▶ **What you should do**
The task requires repeating, word for word, the lines from the one with "this 640×480 image." through the end of the material, leaving out all pictures.

▶ **Source information**

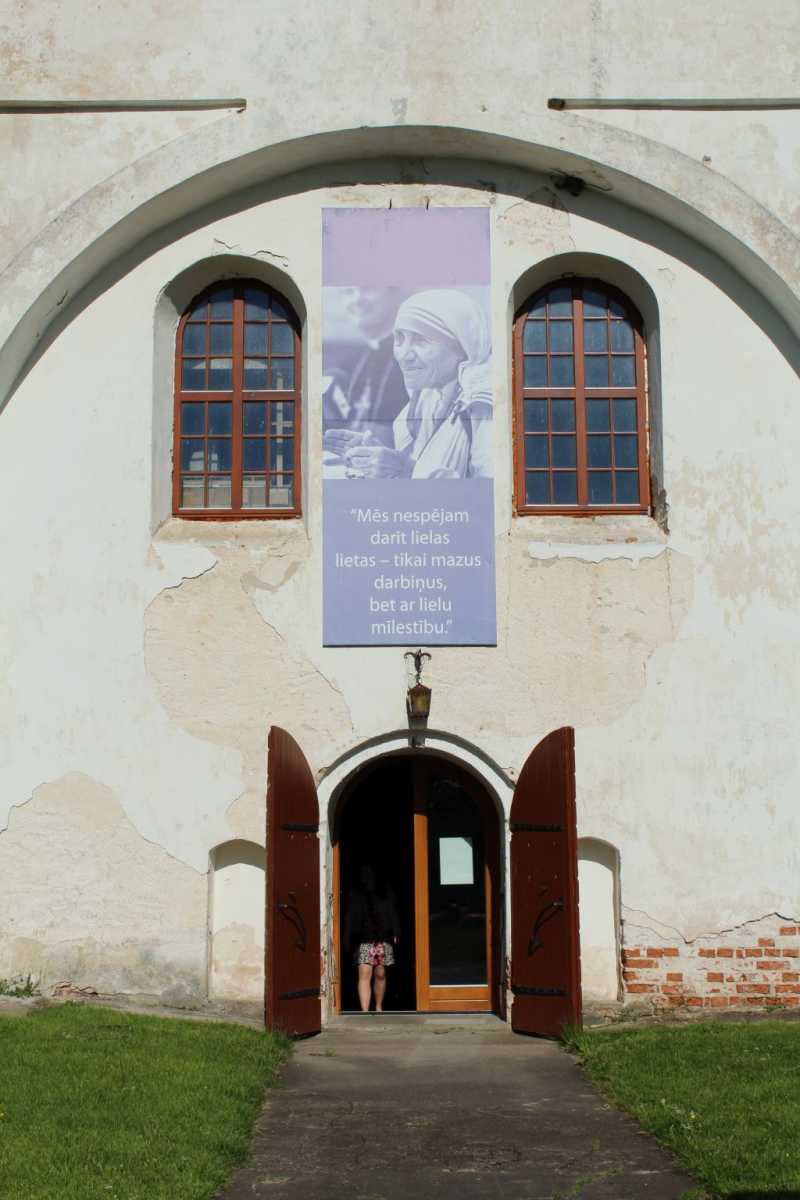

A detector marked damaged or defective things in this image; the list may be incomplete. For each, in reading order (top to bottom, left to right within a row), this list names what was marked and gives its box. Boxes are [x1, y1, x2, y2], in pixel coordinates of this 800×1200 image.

crack in plaster [623, 902, 800, 950]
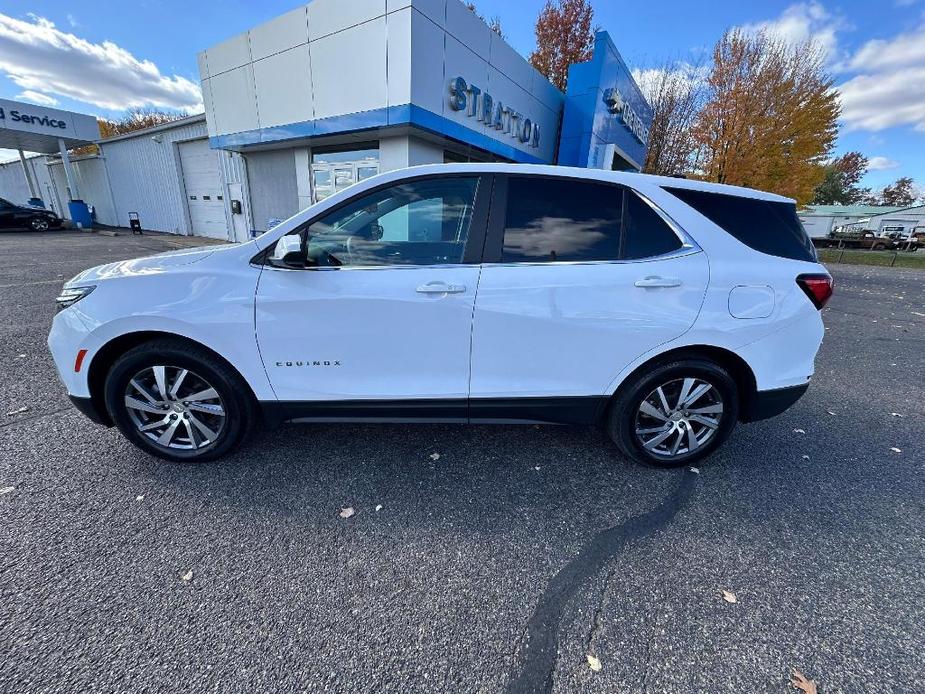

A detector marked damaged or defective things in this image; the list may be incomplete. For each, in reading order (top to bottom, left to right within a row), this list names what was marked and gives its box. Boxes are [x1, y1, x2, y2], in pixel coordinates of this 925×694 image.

crack in asphalt [502, 470, 696, 692]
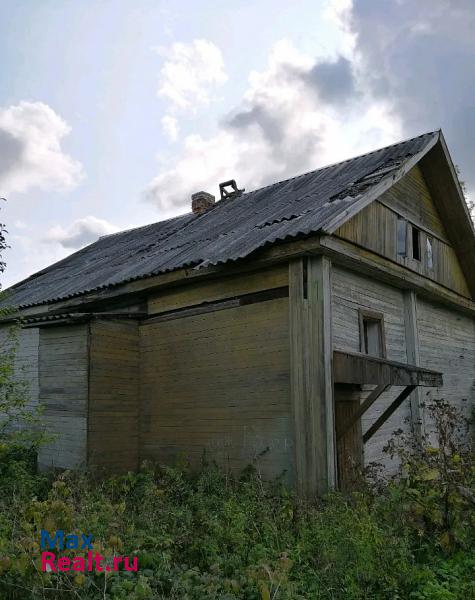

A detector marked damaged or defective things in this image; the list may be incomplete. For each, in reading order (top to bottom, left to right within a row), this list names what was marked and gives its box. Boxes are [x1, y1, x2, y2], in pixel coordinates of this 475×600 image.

damaged roof sheet [2, 132, 438, 310]
broken window [360, 312, 386, 358]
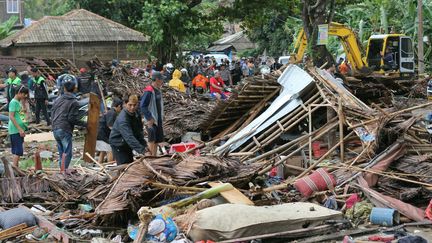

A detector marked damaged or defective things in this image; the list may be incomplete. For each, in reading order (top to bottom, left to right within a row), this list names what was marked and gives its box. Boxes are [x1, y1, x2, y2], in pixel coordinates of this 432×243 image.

damaged roof [0, 8, 148, 47]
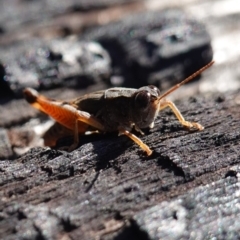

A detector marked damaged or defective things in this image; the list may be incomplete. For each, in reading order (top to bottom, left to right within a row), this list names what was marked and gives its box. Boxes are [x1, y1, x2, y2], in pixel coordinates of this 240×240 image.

charred wood surface [0, 90, 240, 240]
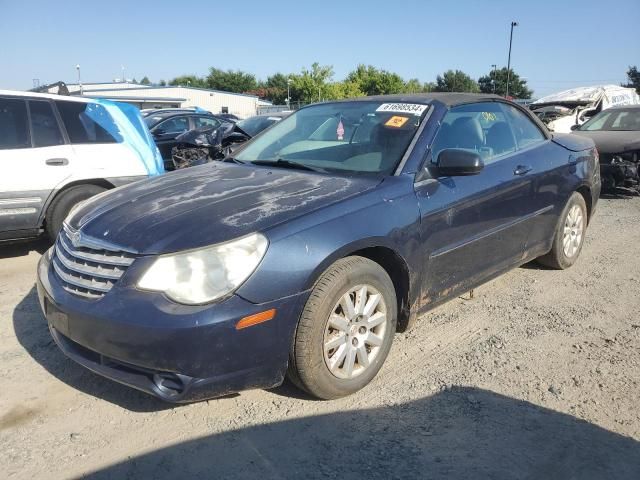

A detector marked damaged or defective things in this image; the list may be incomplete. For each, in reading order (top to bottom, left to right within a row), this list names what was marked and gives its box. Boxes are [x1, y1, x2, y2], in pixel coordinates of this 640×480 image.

damaged car [528, 84, 640, 133]
damaged car [572, 105, 636, 193]
damaged car [38, 93, 600, 402]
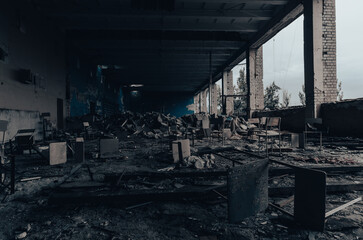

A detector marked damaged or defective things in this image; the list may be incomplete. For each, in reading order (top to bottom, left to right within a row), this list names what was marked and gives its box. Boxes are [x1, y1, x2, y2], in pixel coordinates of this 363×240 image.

broken chair [258, 116, 282, 158]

▶ **Answer section**
A detector marked damaged or defective things in this image; the list may be incomplete. For each, in reading order (top to bottom, left to right within a row), this list names what was marked and gives its box. Boxes are [x1, y1, x2, y2], in pixel coordinates of this 640×480 image.

damaged car [528, 84, 640, 133]
damaged car [572, 105, 636, 193]
damaged car [38, 93, 600, 402]

A detector marked damaged or defective things in this image; the list may be incomplete. For each, in reading order (top to bottom, left to right within a row), this list names what was marked and gives its box. Boxes are [x1, y1, x2, y2], in pixel coordinates of this 363×240 image.

broken chair [258, 116, 282, 158]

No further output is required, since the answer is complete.